By Scott Harrison

Lexington Mayor Mimi Elrod won re-election Tuesday, receiving 1,601 votes, or 63 percent.

Her opponent, Mary Harvey-Halseth, received 905 votes, or 35 percent.

It was the second time the two had squared off in the past four years. Elrod, 68, defeated Harvey-Halseth in 2008, becoming the city’s first female mayor. That time, Elrod got 59 percent of the vote.

Harvey-Halseth, 58, was born in Arlington and grew up in the Washington, D.C. area.

“I’m very excited,” Elrod said in an interview. “I’ve been mayor for four years; I’ve enjoyed almost every minute of it so I really wanted to win again. There’s more to be done. There are projects that are unfinished and I’m excited about  moving ahead because we’re a great city. Small, but great. But there’s still things that we need to do.”

Learning of her loss, Harvey-Halseth congratulated Elrod for winning her second term.

Over the past two decades, she has been on the city’s Planning Commission and Board of Appeals, and has been involved with a number of other local organizations. After losing to Elrod in 2008 she was elected to City Council in 2010.

Local elections in Virginia are officially nonpartisan. But the area’s Republican Party endorsed Harvey-Halseth, and Elrod has long been active in local Democratic politics, including an unsuccessful challenge of Republican Ben Cline for the local House of Delegates seat.

Harvey-Halseth has been involved with education for much of her life. She has taught music in the Buena Vista school system and at Southern Virginia University.
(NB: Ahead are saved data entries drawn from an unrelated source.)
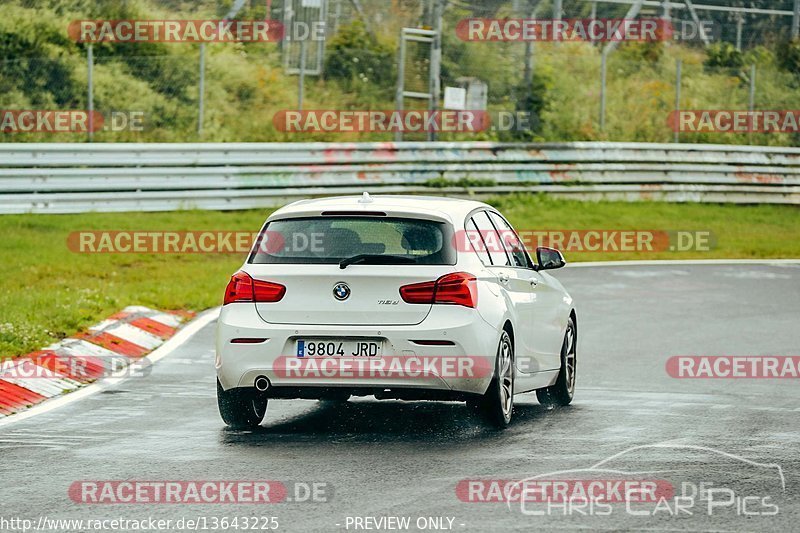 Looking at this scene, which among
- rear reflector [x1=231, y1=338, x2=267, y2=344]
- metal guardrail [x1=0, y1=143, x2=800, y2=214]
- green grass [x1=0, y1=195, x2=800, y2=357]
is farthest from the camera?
metal guardrail [x1=0, y1=143, x2=800, y2=214]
Before Elrod was elected mayor, she served on city council from 2003 to 2008.

She decided to enter local politics after the death of her husband, John Elrod, who was president of Washington and Lee University from 1995 to 2001.

Elrod moved to Lexington almost 30 years ago. Like Harvey-Halseth, she has been involved with education much of her life. She began her teaching career in New York City’s public schools, earned a master’s degree and Ph.D. in child development at Iowa State University and taught for several years at the university level.
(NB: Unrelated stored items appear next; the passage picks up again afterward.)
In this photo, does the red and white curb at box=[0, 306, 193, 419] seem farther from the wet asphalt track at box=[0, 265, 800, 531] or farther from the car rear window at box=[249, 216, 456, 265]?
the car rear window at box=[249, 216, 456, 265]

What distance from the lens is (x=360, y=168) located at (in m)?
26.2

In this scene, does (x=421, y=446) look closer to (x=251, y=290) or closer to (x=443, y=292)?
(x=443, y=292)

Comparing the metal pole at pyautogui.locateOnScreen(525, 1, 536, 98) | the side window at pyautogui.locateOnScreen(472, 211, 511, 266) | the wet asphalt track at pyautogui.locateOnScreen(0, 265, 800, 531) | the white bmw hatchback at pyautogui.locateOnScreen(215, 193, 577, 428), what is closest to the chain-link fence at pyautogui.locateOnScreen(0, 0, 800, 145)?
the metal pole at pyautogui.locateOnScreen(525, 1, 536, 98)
She worked in Washington and Lee’s admissions department and directed its Summer Scholars program before retiring in 2008.
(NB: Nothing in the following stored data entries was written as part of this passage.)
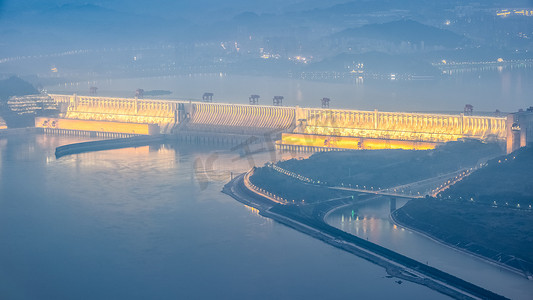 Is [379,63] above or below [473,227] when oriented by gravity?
above

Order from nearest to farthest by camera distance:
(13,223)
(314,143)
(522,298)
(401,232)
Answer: (522,298) → (401,232) → (13,223) → (314,143)

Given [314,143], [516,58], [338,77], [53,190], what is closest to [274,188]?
[53,190]

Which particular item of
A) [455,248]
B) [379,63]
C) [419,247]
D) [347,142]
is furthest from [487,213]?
[379,63]

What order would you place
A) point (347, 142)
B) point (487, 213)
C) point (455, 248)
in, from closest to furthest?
point (455, 248) < point (487, 213) < point (347, 142)

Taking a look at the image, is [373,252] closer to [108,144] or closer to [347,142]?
[347,142]

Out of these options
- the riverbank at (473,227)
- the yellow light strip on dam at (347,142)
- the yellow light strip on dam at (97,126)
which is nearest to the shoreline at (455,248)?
the riverbank at (473,227)

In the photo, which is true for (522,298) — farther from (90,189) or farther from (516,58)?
(516,58)
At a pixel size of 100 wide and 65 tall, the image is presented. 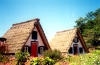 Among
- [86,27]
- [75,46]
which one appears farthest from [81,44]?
[86,27]

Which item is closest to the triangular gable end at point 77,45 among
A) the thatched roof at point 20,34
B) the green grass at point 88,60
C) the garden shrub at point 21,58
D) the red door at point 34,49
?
the thatched roof at point 20,34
Both candidates agreed during the campaign that the city may be forced to raise taxes to maintain its level of services, but each had her own idea for enhancing downtown Lexington and improving city schools.

For Elrod, the quality and integrity of Lexington schools were “very central to our city.”

Rockbridge County officials have been pushing for a discussion with the separate school systems in Lexington and Buena Vista to increase consolidation of the systems. Lexington and the county consolidated their high schools 20 years ago, but the city is resisting further merging.

“You could look at the schools only in terms of the money that we spend,” Elrod said, and acknowledged that some taxpayers might not think it’s worth it for Lexington to keep its own school. “But when you lose your schools, you lose a very central part to your community.”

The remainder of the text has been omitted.